Love the show and keep it going.
All the way from Canada, bloody hell.
I don't know whether you'll understand this so much
in Canada, but I, yeah, I'm a, no, I'm sure you will,
a 90s R&B freak.
Okay.
That shit gets me going. Boys to Men, SWV, Jade, Mary Jo Blige, what's the
411 era? Yeah, that's when I really, you can't stop me. If anyone plays 90s R&B, I am on
the film. Mariah Carey, that's the kind of stuff that gets me. So I think the 90s in general in the R&B land
was my favorite.
Lily?
I just like raga, I just like dancing to raga and dance.
It's kind of the only thing that really gets me going
to be honest.
Yeah, when did that start?
When did it start?
I think when we were about 15.
Yeah, I don't know why it starts.
Maybe Carnival, maybe it was Carnival.
That's true, that's true.
Although Carnival's quite hard to dance at.
Because there wasn't really anyone like the elders
in our family that like introduced that to me.
No.
I was just drawn to it.
I don't know why.
Maybe like pirate radio?
I don't know, something.
Something about it really gets you going though, doesn't it?
Makes you happy. Yeah about it really gets you going though, doesn't it? Makes you happy.
Yeah, it really does.
Hence coming out to red rat tight up skirt at the Hackney Empire.

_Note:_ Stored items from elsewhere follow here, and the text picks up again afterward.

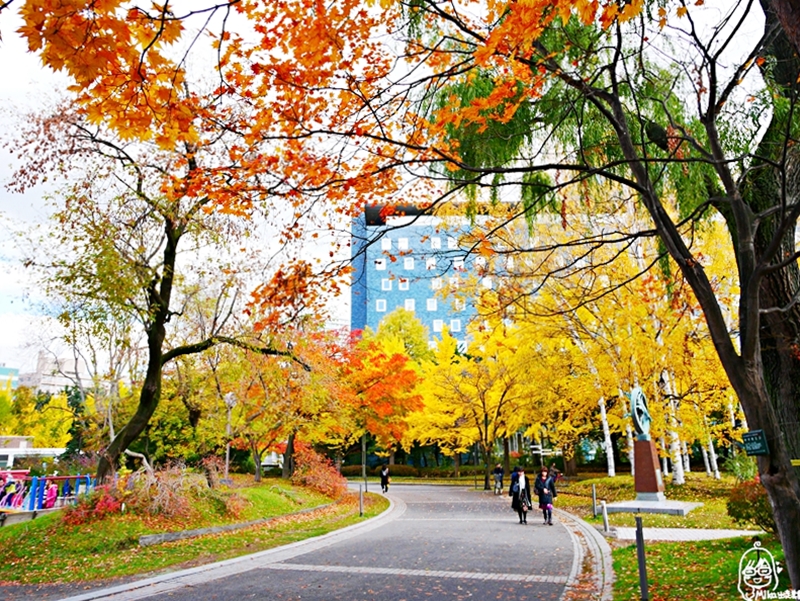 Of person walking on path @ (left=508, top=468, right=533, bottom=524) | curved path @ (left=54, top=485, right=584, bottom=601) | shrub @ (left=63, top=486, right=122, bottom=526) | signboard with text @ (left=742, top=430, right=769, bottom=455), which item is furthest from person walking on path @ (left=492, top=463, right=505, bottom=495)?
signboard with text @ (left=742, top=430, right=769, bottom=455)

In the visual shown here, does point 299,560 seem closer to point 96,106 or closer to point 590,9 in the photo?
point 96,106

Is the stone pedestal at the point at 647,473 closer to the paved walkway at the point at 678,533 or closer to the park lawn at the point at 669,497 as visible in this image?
the park lawn at the point at 669,497

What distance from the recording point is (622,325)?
63.8 ft

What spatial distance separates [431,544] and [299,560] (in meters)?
3.03

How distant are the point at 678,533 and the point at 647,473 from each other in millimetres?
6014

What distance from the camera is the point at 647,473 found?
18172mm

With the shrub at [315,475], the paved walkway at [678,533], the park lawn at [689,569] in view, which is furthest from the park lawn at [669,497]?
the shrub at [315,475]

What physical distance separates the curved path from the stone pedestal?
440cm

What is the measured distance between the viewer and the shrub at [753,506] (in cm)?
878

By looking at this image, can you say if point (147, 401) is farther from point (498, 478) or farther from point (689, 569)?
point (498, 478)

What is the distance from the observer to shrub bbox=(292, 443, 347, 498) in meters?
22.9

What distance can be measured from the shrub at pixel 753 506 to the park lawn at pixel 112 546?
348 inches

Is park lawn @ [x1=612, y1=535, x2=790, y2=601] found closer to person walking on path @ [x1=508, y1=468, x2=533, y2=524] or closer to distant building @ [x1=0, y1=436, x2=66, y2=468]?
person walking on path @ [x1=508, y1=468, x2=533, y2=524]

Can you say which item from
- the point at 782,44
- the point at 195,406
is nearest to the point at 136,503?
the point at 195,406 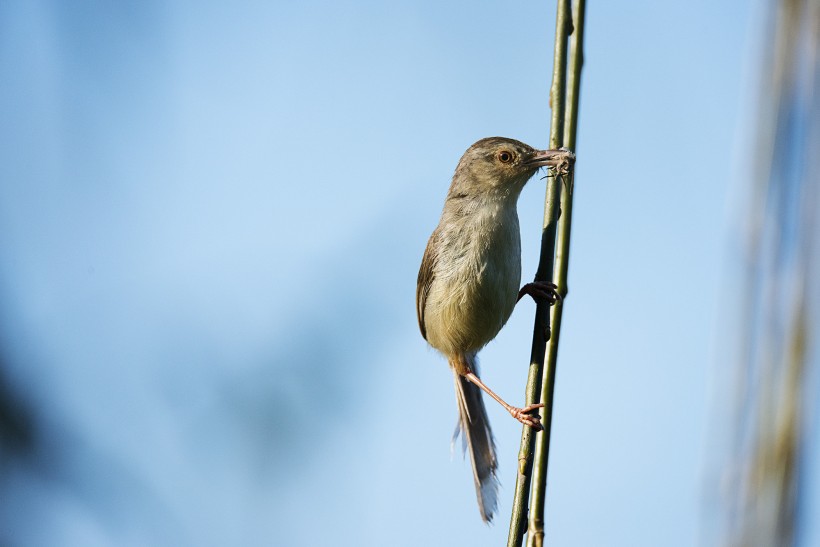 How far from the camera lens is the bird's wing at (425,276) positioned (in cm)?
479

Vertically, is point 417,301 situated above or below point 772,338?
below

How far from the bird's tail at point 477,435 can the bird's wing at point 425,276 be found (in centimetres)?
47

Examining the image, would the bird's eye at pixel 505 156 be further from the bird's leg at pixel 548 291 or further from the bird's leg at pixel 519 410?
the bird's leg at pixel 548 291

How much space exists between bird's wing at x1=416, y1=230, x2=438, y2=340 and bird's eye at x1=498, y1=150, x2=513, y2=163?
0.58 meters

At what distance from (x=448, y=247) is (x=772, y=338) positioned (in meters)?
3.42

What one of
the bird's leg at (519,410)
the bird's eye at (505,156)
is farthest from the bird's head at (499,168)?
the bird's leg at (519,410)

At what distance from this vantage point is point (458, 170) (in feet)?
17.1

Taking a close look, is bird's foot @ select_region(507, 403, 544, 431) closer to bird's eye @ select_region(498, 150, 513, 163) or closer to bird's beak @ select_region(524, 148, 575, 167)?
bird's beak @ select_region(524, 148, 575, 167)

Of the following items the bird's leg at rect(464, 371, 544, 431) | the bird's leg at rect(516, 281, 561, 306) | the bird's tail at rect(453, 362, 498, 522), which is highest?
the bird's leg at rect(516, 281, 561, 306)

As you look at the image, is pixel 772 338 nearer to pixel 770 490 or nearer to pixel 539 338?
pixel 770 490

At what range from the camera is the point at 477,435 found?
5078mm

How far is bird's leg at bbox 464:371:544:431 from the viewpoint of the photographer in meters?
2.62

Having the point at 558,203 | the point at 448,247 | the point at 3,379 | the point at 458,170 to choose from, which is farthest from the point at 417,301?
the point at 3,379

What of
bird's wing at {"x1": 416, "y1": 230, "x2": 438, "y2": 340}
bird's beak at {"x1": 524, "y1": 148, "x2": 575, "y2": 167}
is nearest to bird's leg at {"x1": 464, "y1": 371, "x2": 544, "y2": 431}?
bird's wing at {"x1": 416, "y1": 230, "x2": 438, "y2": 340} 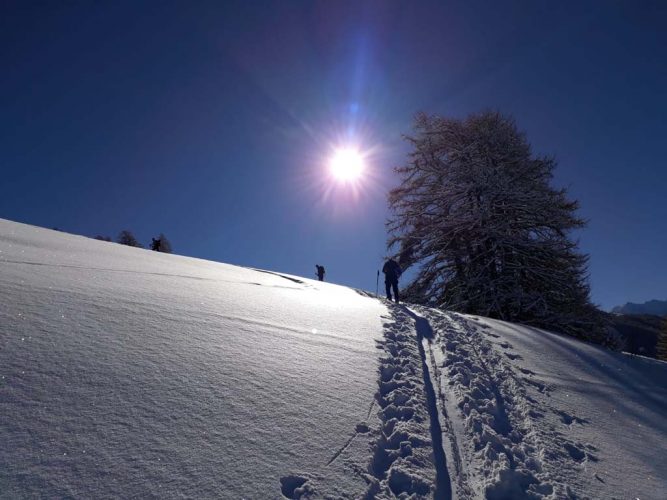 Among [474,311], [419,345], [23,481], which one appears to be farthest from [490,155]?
[23,481]

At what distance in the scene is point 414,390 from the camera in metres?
3.37

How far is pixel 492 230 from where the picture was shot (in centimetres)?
1121

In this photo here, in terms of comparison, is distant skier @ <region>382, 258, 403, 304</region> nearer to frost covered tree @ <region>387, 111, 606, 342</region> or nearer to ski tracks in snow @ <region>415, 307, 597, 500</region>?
frost covered tree @ <region>387, 111, 606, 342</region>

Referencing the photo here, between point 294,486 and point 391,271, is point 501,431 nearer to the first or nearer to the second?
point 294,486

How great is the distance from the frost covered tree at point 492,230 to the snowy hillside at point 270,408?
6.51 metres

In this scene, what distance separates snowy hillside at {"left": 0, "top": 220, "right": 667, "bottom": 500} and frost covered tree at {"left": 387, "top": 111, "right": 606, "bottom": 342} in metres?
6.51

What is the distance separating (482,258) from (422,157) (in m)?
5.15

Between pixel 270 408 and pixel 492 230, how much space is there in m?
10.8

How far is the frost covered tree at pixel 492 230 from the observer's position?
35.4ft

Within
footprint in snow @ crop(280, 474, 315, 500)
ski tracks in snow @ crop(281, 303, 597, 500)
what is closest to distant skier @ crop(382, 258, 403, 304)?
ski tracks in snow @ crop(281, 303, 597, 500)

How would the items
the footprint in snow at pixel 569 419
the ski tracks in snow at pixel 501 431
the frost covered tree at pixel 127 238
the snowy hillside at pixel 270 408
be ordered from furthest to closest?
the frost covered tree at pixel 127 238
the footprint in snow at pixel 569 419
the ski tracks in snow at pixel 501 431
the snowy hillside at pixel 270 408

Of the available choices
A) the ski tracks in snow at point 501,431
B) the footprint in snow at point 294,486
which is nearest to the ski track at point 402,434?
the ski tracks in snow at point 501,431

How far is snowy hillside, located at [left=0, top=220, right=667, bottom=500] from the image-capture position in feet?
5.49

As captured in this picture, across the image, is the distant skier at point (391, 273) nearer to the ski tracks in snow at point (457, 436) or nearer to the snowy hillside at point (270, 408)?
the snowy hillside at point (270, 408)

Hey, you're going to need a tight up skirt.
You make me a joke.
I'm a black person first.
I cannot believe we're doing this in front of others on a stage.
But yeah, I love dancing.
I think I stopped dancing for a really long time.
I think we call those years the grout show years
when I decided to chat shit instead.
And then it came back like a ton of bricks
and revitalized my being actually,
which is when I started dancing on Instagram a lot.
I was sort of finding a new, no,
I was re-finding an old part of myself that had been lost for a very long time.
And I suddenly felt really free.
I wanted to ask you with sobriety and dancing, because basically dancing is an expression of freedom, I suppose.
Like, you do have to feel free to dance, and that's why I think a lot of people need a drink before they dance.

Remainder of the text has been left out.